◆ Task details: Output the full listing below exactly; the images stay out.

◆ Input data:
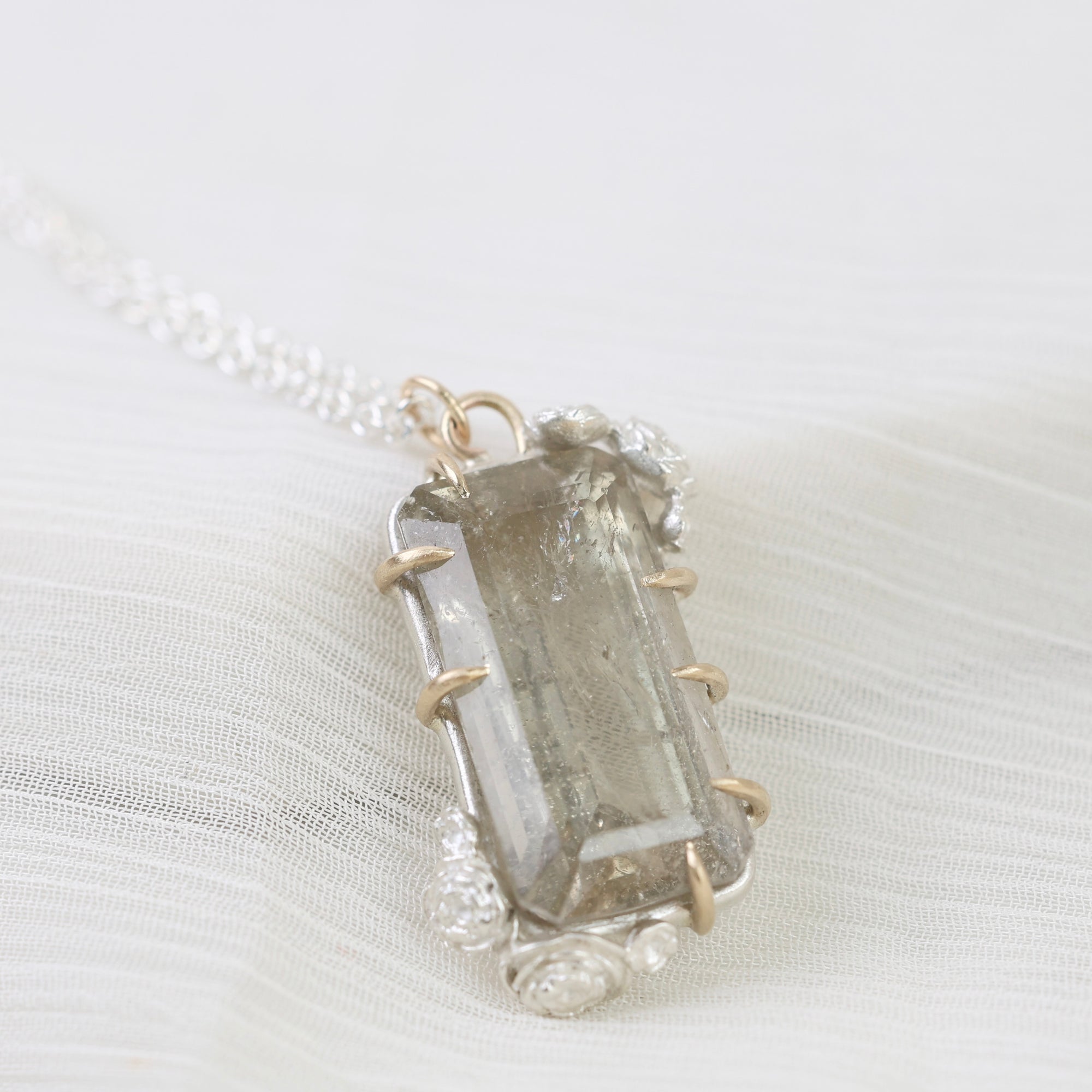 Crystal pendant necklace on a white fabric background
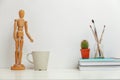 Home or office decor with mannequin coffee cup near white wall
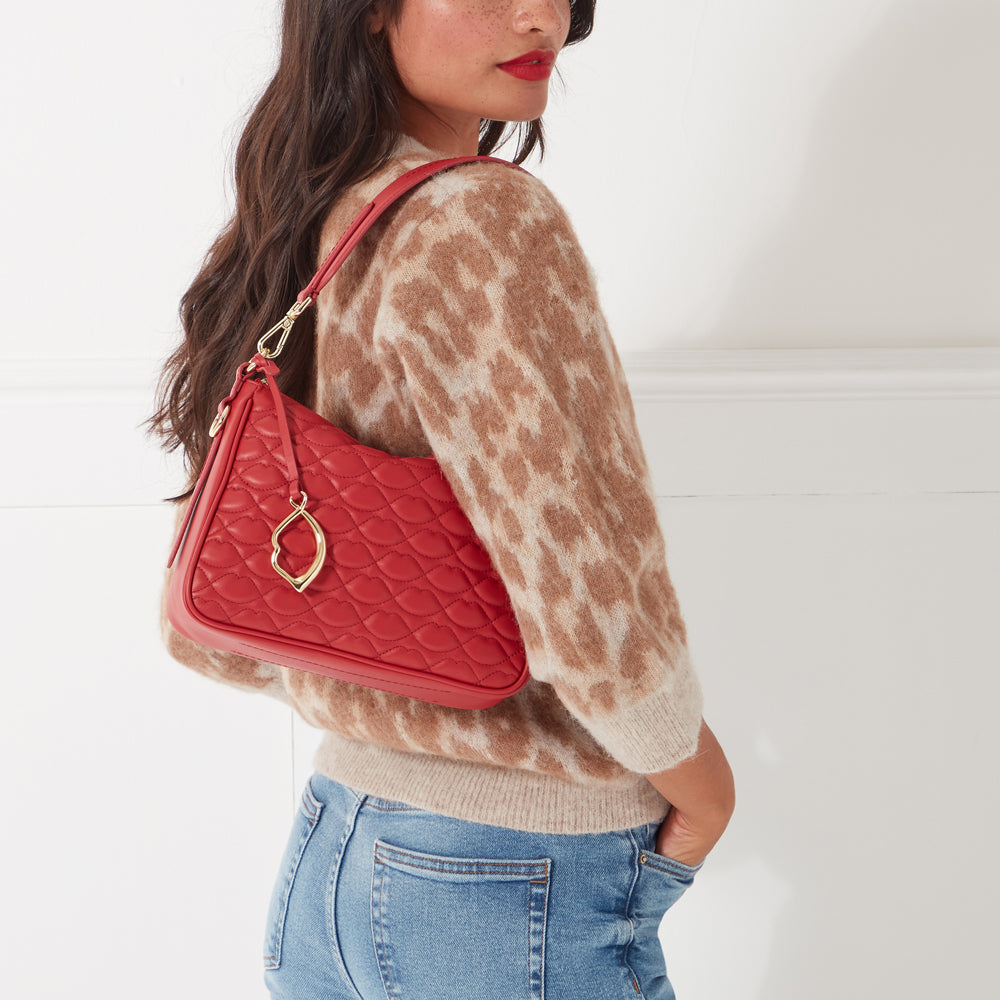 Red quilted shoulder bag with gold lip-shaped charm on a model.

◆ Exercise output:
 Crystal pendant necklace on a white fabric background
 Home or office decor with mannequin coffee cup near white wall
 Red quilted shoulder bag with gold lip-shaped charm on a model.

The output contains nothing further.